**WHAT YOU HAVE TO DO**
Transcribe the data below in full, exactly.

**DATA PROVIDED**

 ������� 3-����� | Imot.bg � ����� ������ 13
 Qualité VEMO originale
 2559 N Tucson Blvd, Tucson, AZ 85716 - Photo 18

**COMPLETED TASK**
 ������� 3-����� | Imot.bg � ����� ������ 13
 Qualité VEMO originale
 2559 N Tucson Blvd, Tucson, AZ 85716 - Photo 18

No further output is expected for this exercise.